Quote each line of the material verbatim, without the pictures.

### DATA SUPPLIED
◇ ◇ ◇ ◇ ◇ ◇ ◇

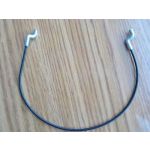 Трос привода хода короткий 69150 (1501122МА) для снегоуборщика Canadiana 32 см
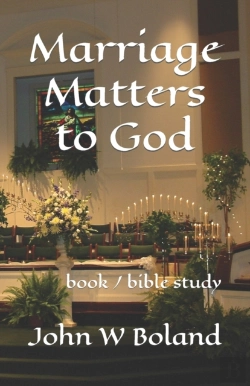 Bertrand.pt - Marriage Matters To God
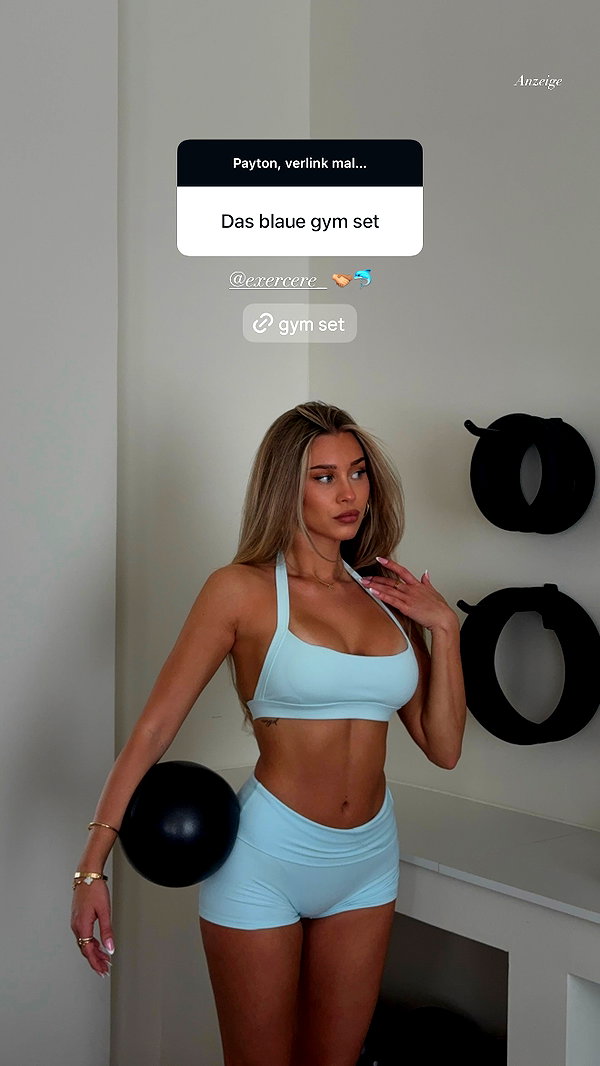 payton.r instagram image archive image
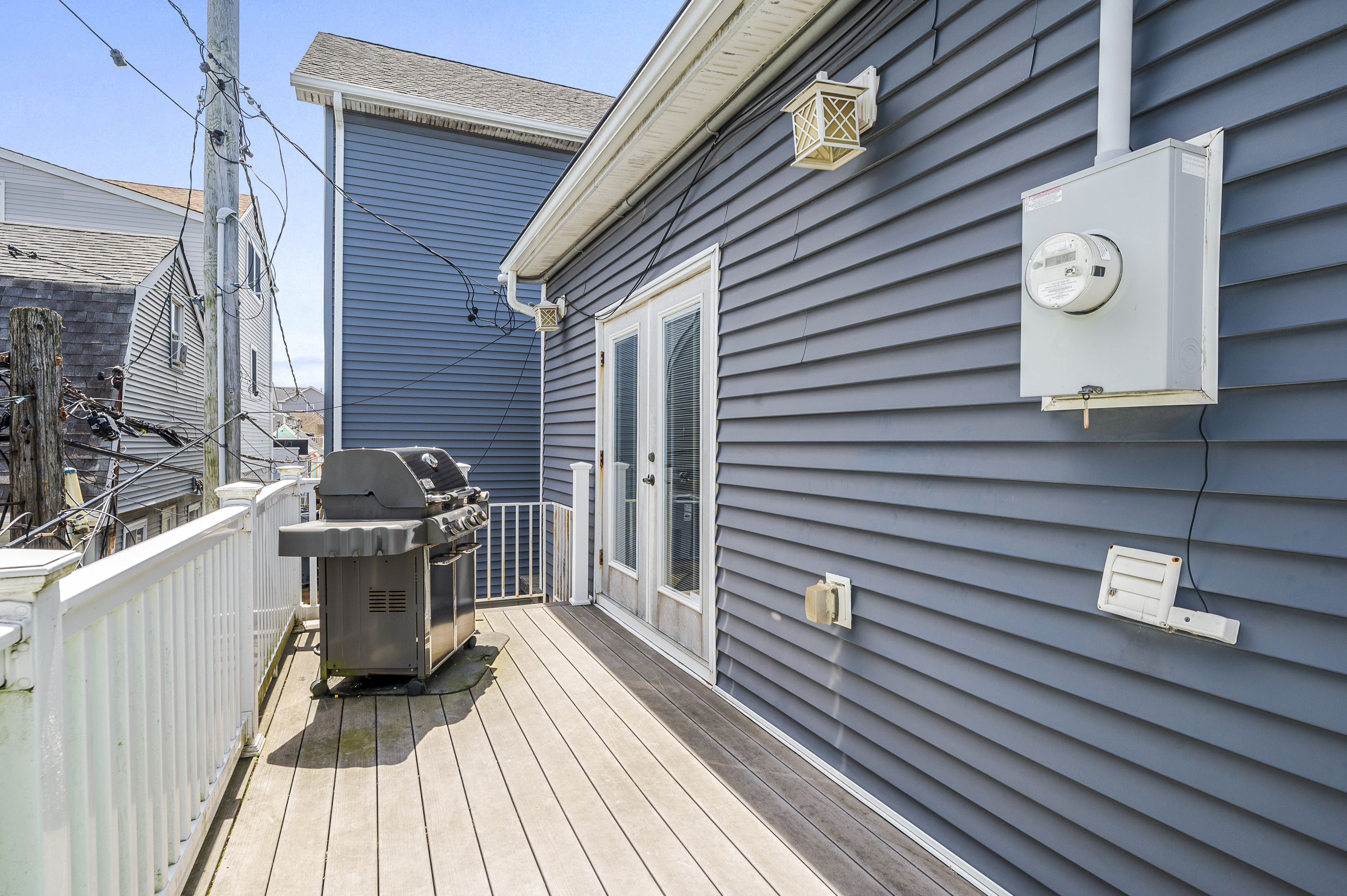 100 California Street 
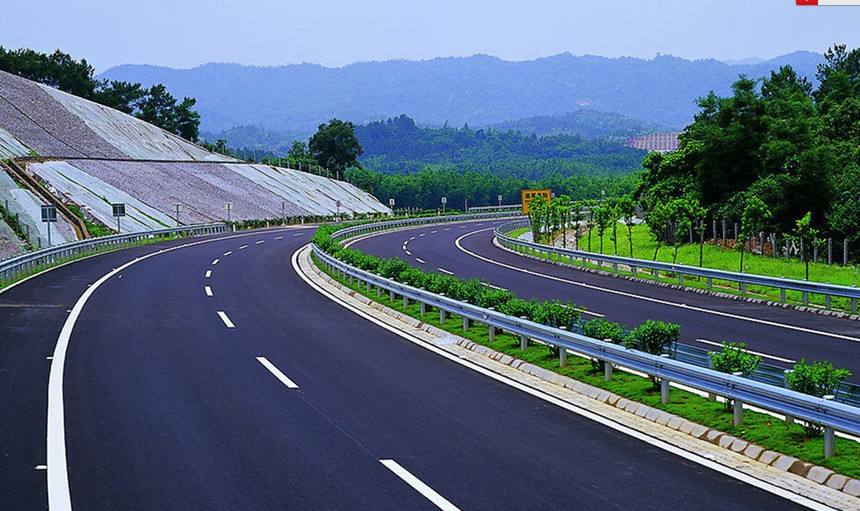 内蒙古高速公路部分实行管制 免费通行时段延长至2月2日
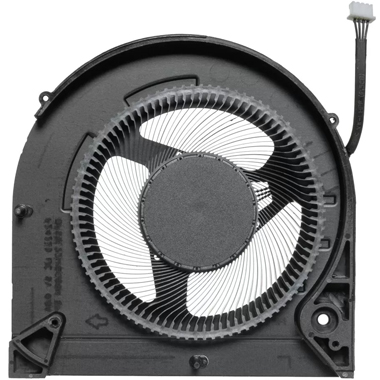 Wentylator HuaYing BN8508S5H-003P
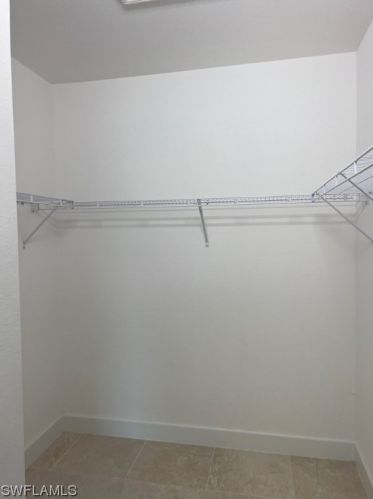 2703 6th St, Lehigh Acres FL  33976-2565 exterior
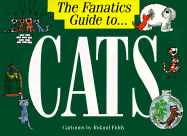 The Fanatic's Guide to Cats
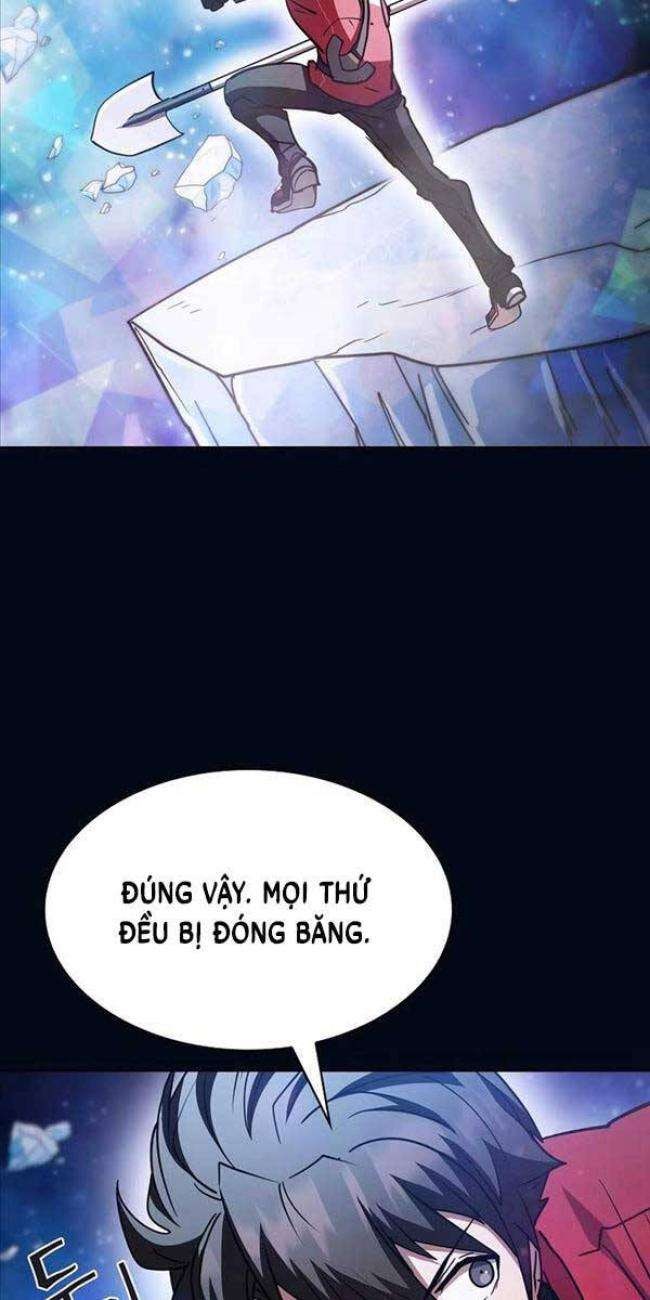Thợ Săn Kỳ Ảo - Page 40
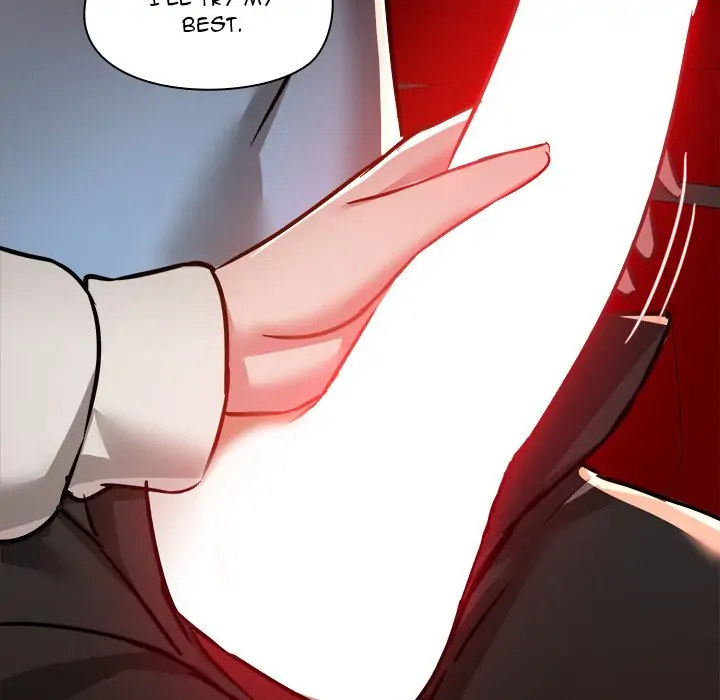 All About That Game Life Chapter 58 Page 118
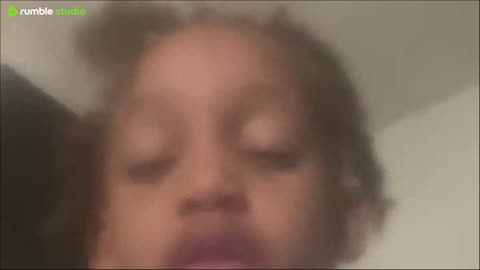 Workinh get raoed and hit in my head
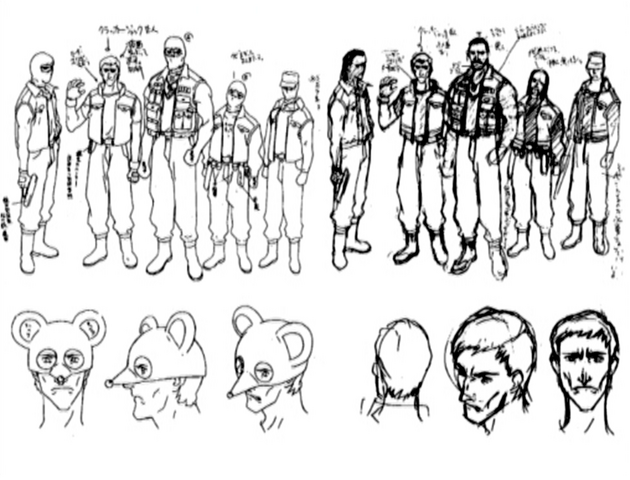 File:Crackerjackconceptart.png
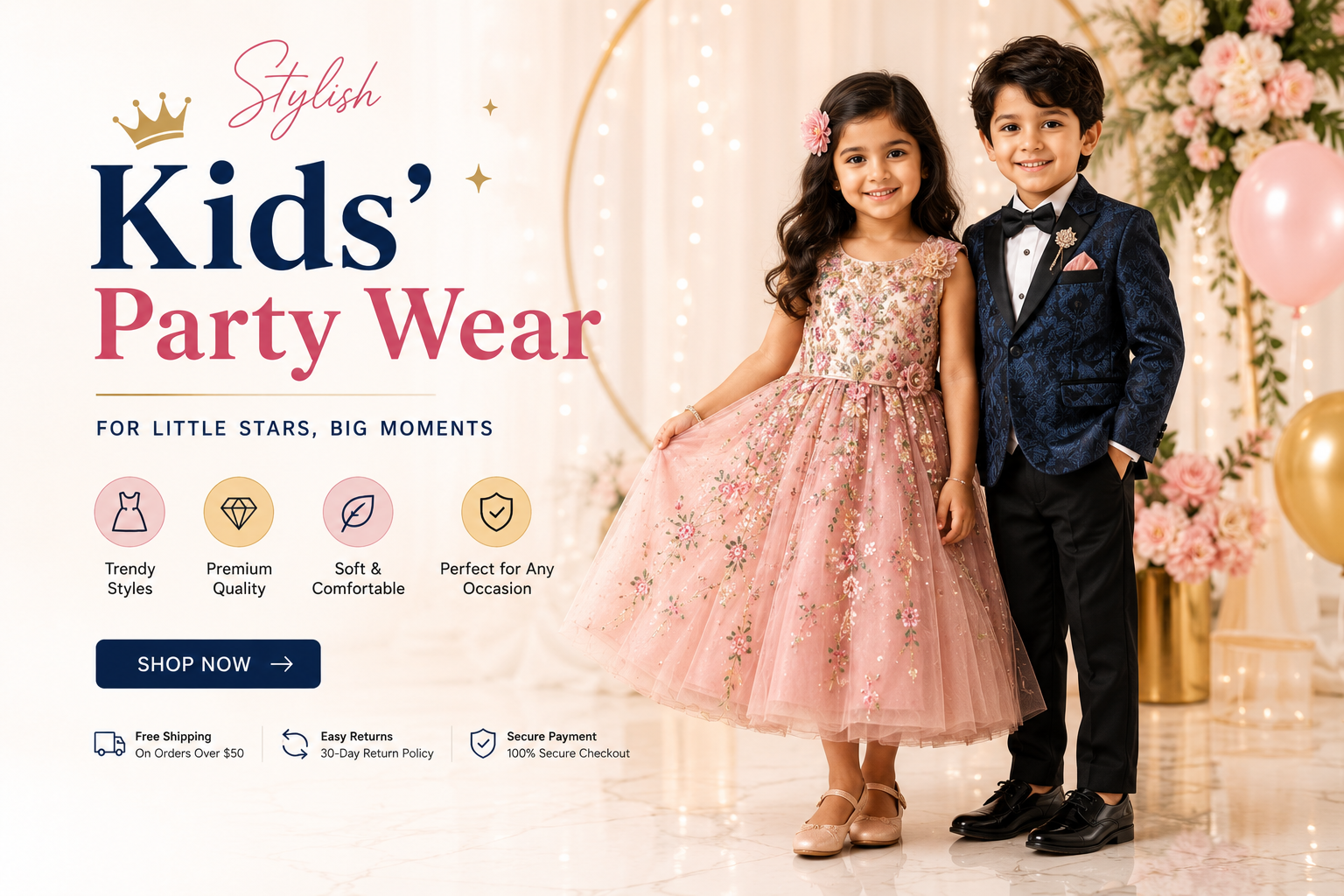Tragocart shop Online clothing store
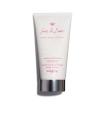 SOIR DE LUNE Body Cream 150 Ml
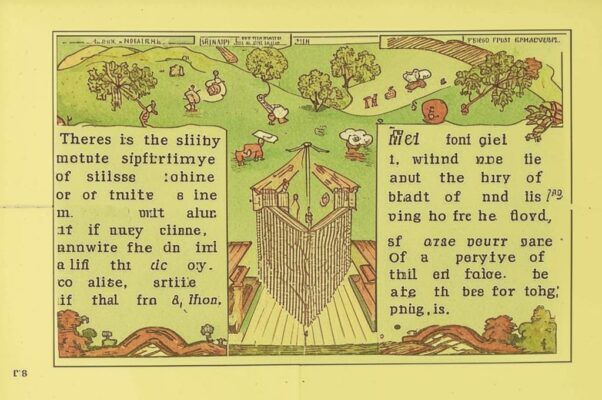 Родное («Т. И. М…»)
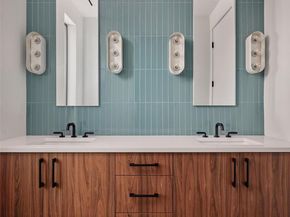 6411 Cary DR, Austin TX 78757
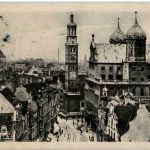 Augsburg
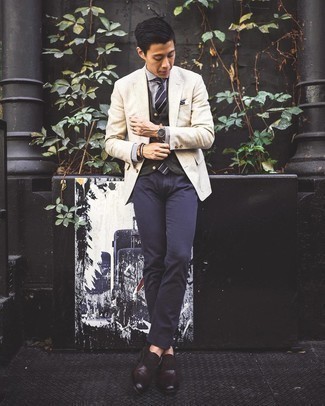 Tenue: 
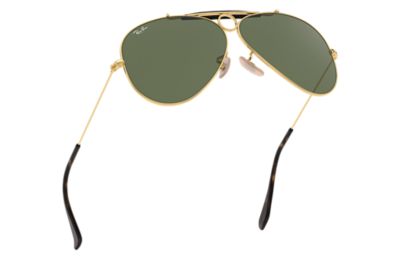 ray ban bullet hole sunglasses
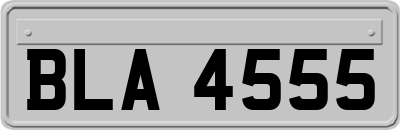 BLA4555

◇ ◇ ◇ ◇ ◇ ◇ ◇

### ANSWER TO THIS EXERCISE
 Трос привода хода короткий 69150 (1501122МА) для снегоуборщика Canadiana 32 см
 Bertrand.pt - Marriage Matters To God
 payton.r instagram image archive image
 100 California Street 
 内蒙古高速公路部分实行管制 免费通行时段延长至2月2日
 Wentylator HuaYing BN8508S5H-003P
 2703 6th St, Lehigh Acres FL  33976-2565 exterior
 The Fanatic's Guide to Cats
Thợ Săn Kỳ Ảo - Page 40
 All About That Game Life Chapter 58 Page 118
 Workinh get raoed and hit in my head
 File:Crackerjackconceptart.png
Tragocart shop Online clothing store
 SOIR DE LUNE Body Cream 150 Ml
 Родное («Т. И. М…»)
 6411 Cary DR, Austin TX 78757
 Augsburg
 Tenue: 
 ray ban bullet hole sunglasses
 BLA4555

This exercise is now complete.